• PROMPT
Would you repeat word for word the lines of the listing that follows, from the one with "Scatola filtro esterno" up to and including the one with "Västra Husby skola", and leave out the images?

• DATA FOR PROCESSING
*-*-*

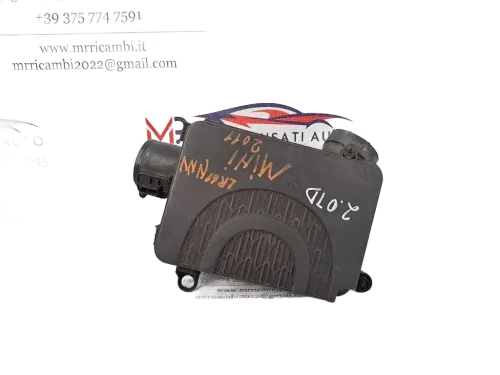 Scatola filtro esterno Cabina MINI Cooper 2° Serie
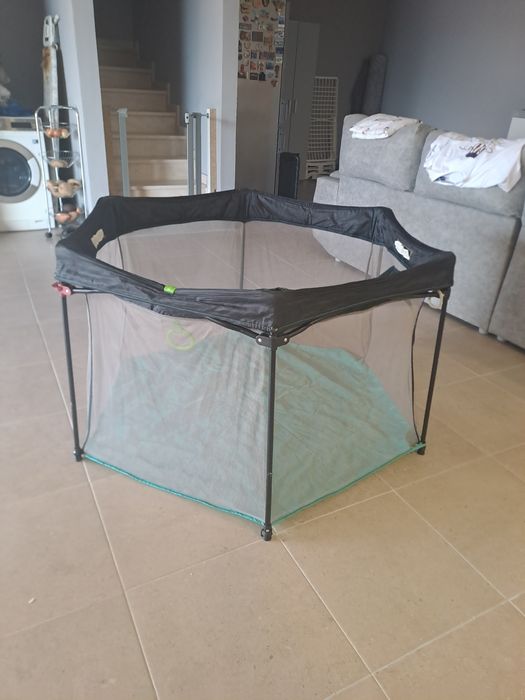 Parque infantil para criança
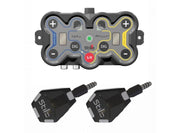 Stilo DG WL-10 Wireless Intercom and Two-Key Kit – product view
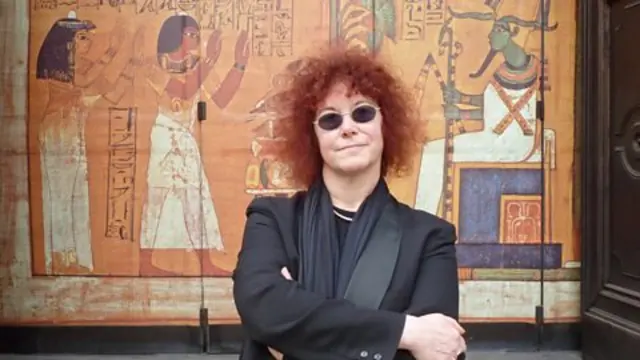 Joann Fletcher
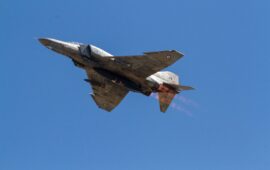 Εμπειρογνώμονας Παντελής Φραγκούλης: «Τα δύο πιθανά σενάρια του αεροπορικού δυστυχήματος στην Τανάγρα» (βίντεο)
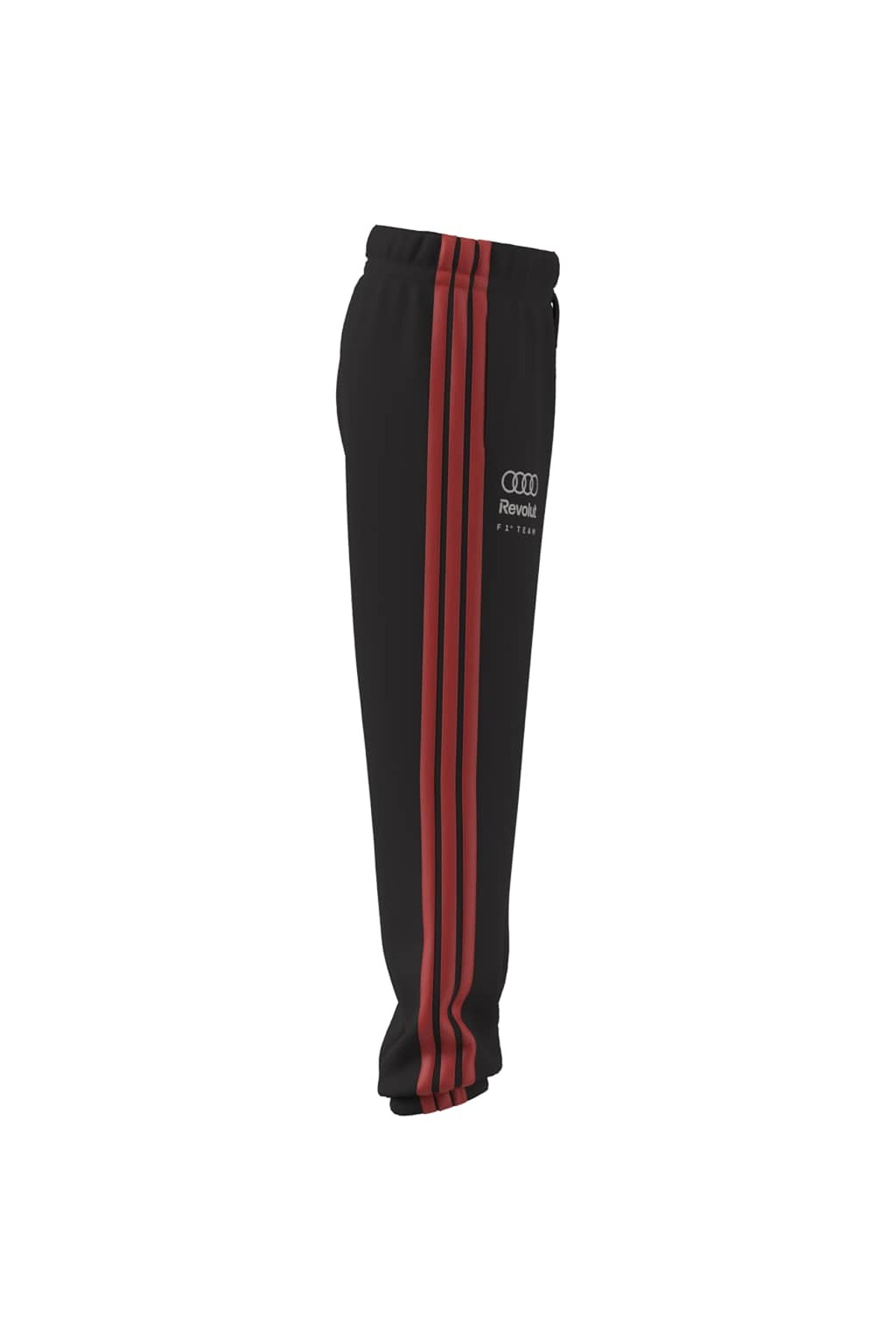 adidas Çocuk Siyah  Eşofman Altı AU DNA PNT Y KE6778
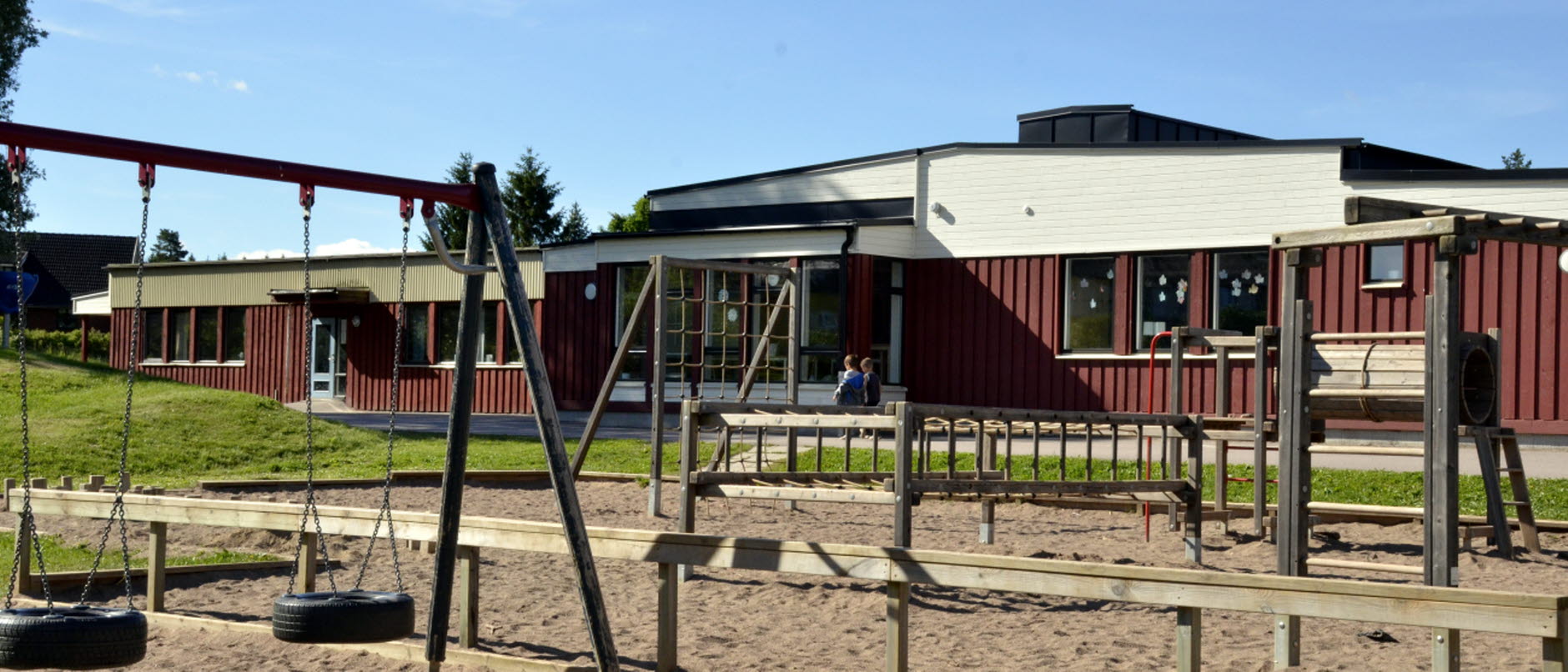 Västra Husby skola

*-*-*

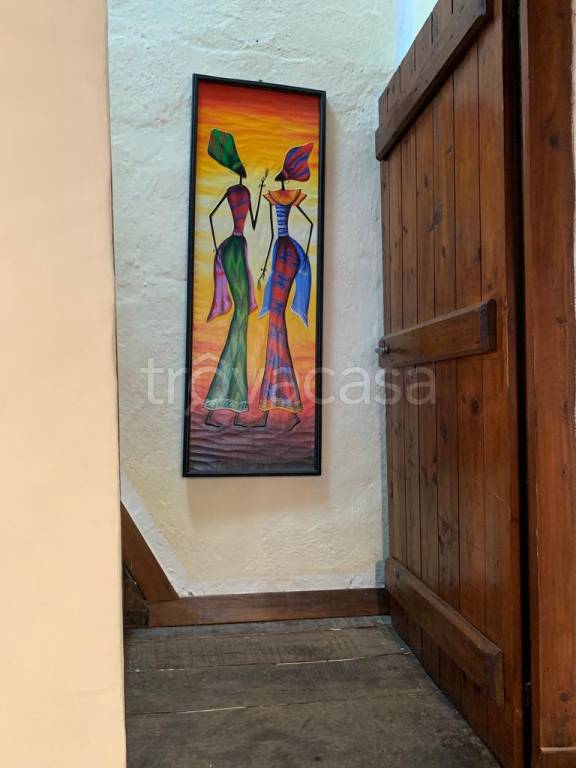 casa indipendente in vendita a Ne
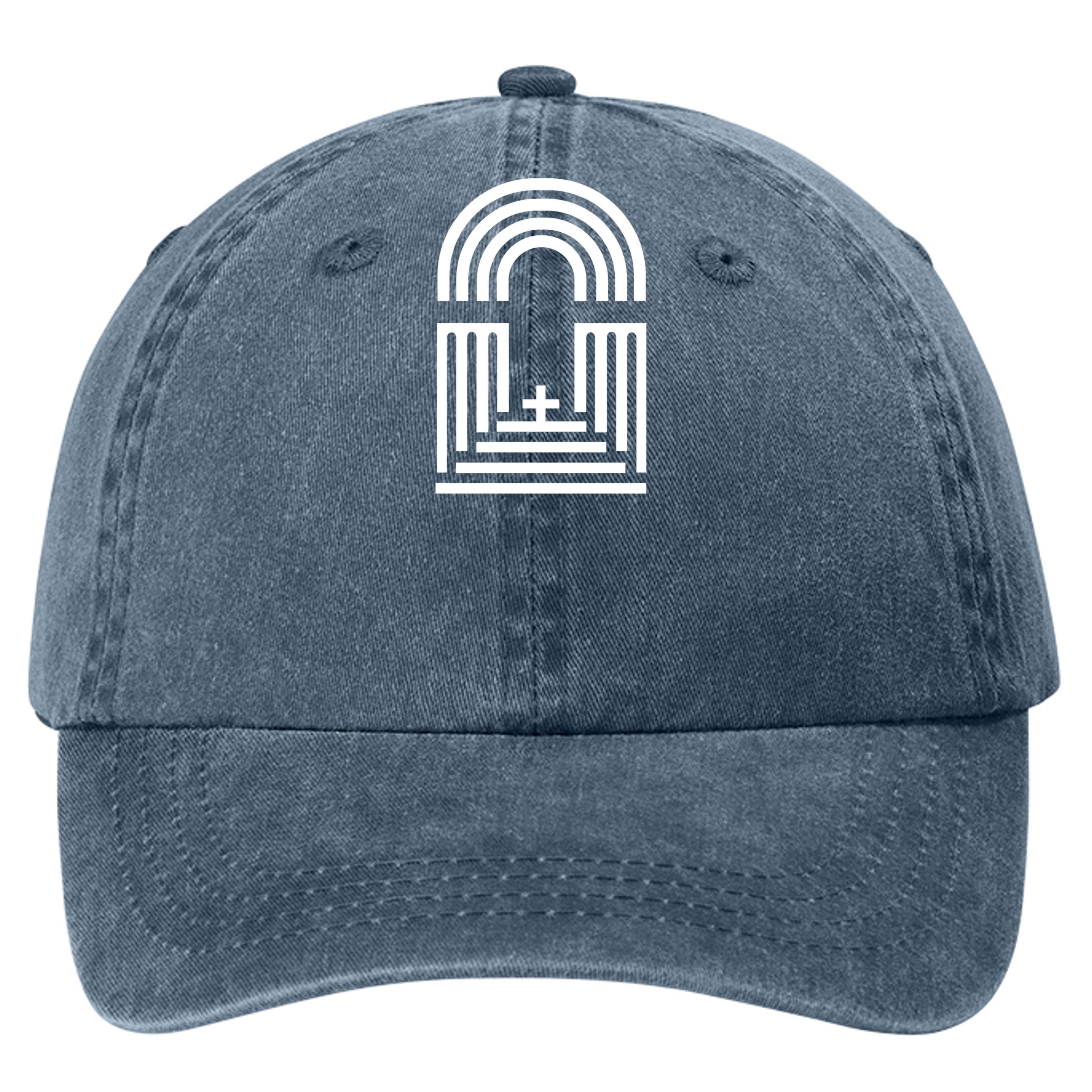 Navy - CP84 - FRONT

*-*-*

• ANSWER BELOW
 Scatola filtro esterno Cabina MINI Cooper 2° Serie
 Parque infantil para criança
 Stilo DG WL-10 Wireless Intercom and Two-Key Kit – product view
 Joann Fletcher
 Εμπειρογνώμονας Παντελής Φραγκούλης: «Τα δύο πιθανά σενάρια του αεροπορικού δυστυχήματος στην Τανάγρα» (βίντεο)
 adidas Çocuk Siyah  Eşofman Altı AU DNA PNT Y KE6778
 Västra Husby skola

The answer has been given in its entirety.